Information shown:
● ● ● ●

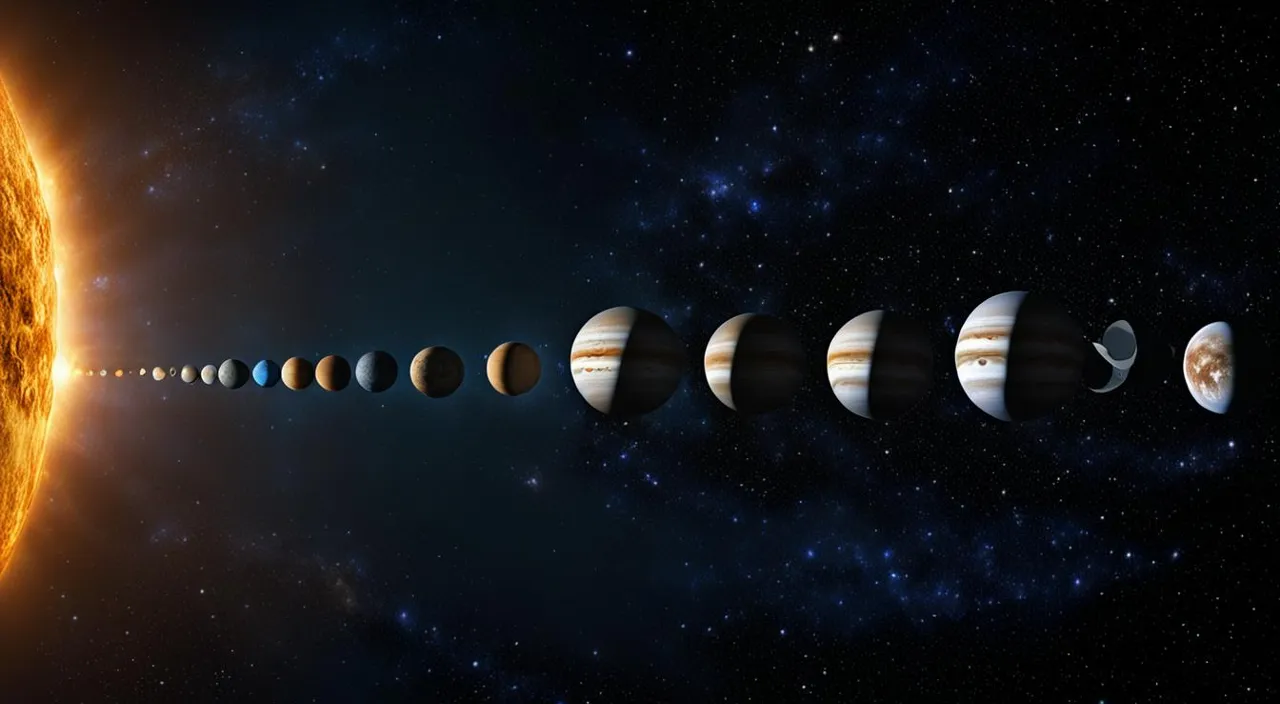 an artist's rendering of the solar system with eight planets in the foreground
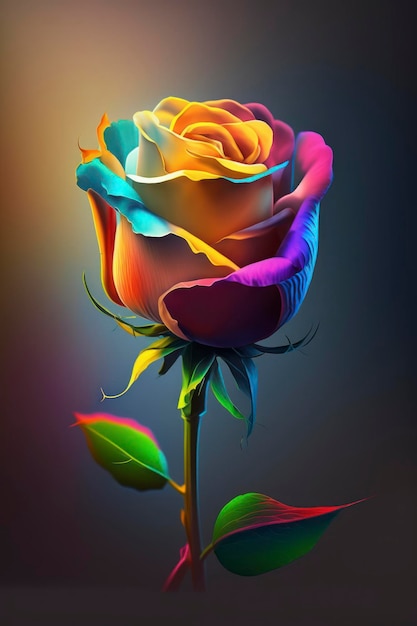 A colored rose with a bright light setting on it in the style of photo realistic compositions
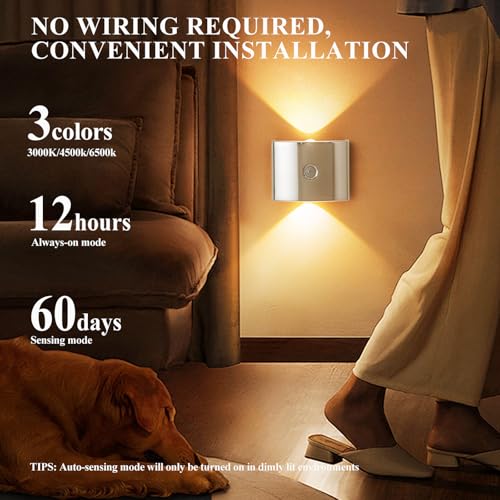 Apliques de pared LED con sensor movimiento recargables dorados pack de 2 4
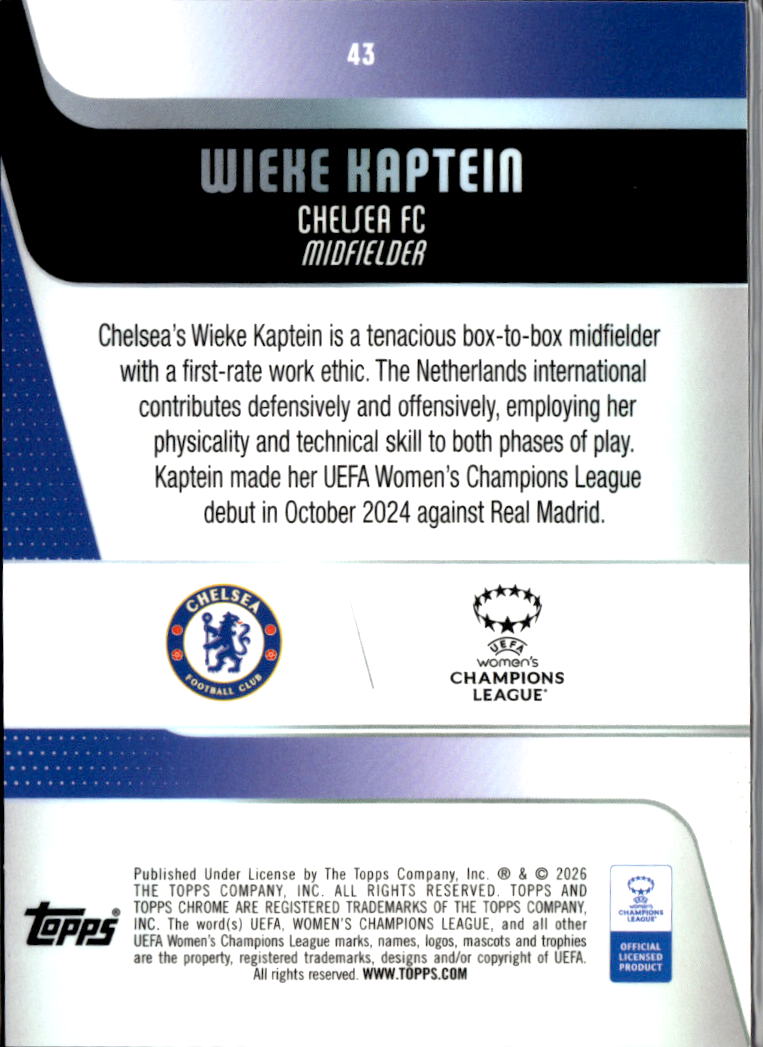 Wieke Kaptein 2026 Topps Chrome UEFA Women's Future Stars Gold /50 Chelsea FC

● ● ● ●

Task directions: Could you give back the full listing word for word, leaving out the images?

Exercise result:
 an artist's rendering of the solar system with eight planets in the foreground
 A colored rose with a bright light setting on it in the style of photo realistic compositions
 Apliques de pared LED con sensor movimiento recargables dorados pack de 2 4
 Wieke Kaptein 2026 Topps Chrome UEFA Women's Future Stars Gold /50 Chelsea FC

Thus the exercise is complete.